### Work to be completed
Reproduce the material below only from the line with "DG slippers" to the line with "Japan, Tokyo NTT", both included, keeping each line exact and dropping the pictures.

### Given records

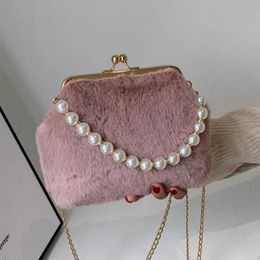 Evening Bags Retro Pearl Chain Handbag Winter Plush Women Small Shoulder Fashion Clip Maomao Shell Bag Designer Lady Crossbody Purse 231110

...

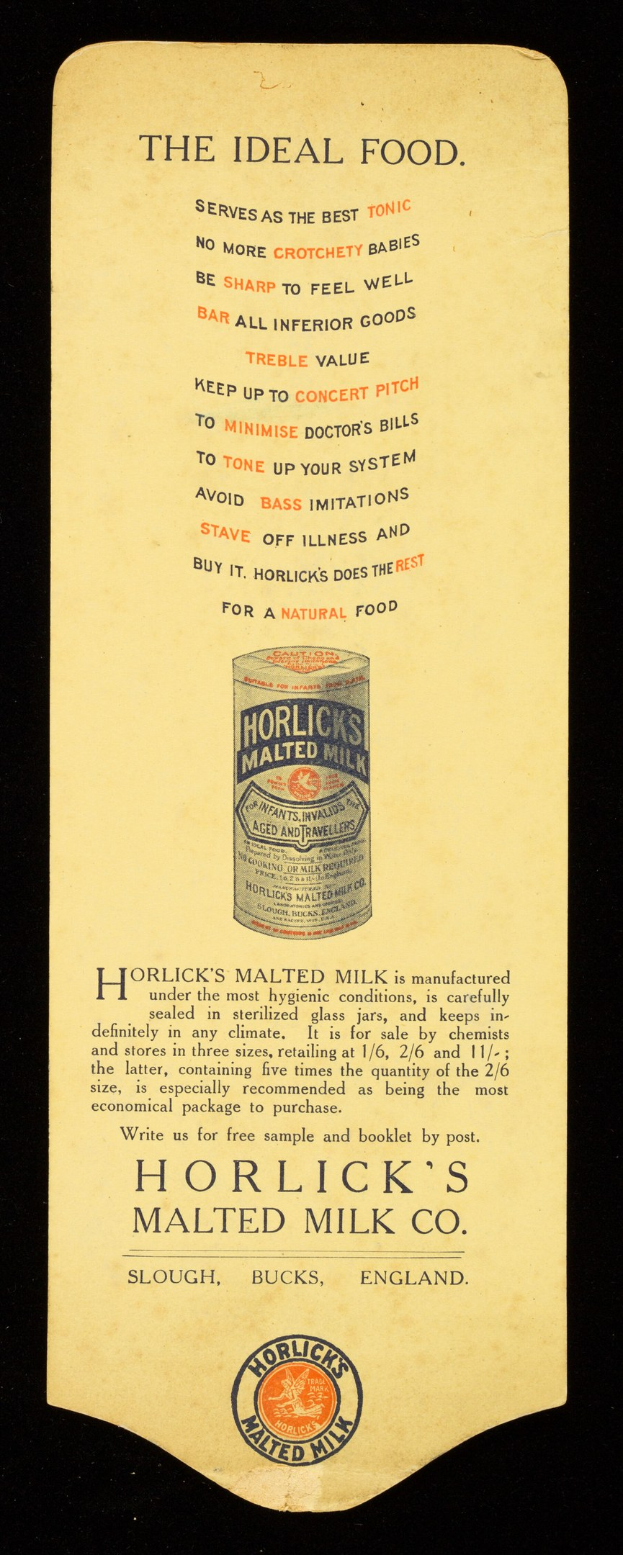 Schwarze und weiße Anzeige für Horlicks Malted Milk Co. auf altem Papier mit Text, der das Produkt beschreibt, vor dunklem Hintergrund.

--

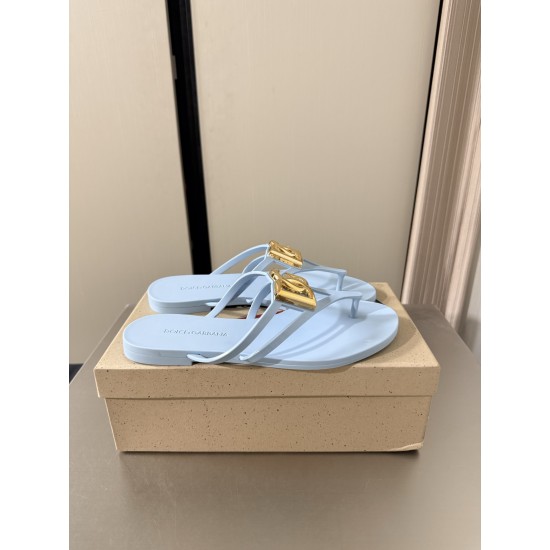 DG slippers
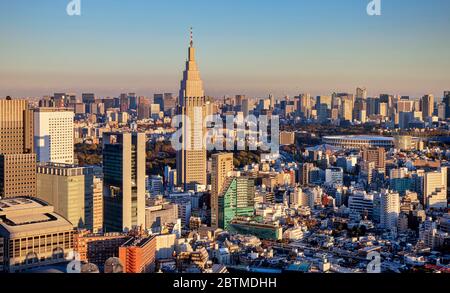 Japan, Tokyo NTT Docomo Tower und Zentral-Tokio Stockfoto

### Output for this task
 DG slippers
 Japan, Tokyo NTT Docomo Tower und Zentral-Tokio Stockfoto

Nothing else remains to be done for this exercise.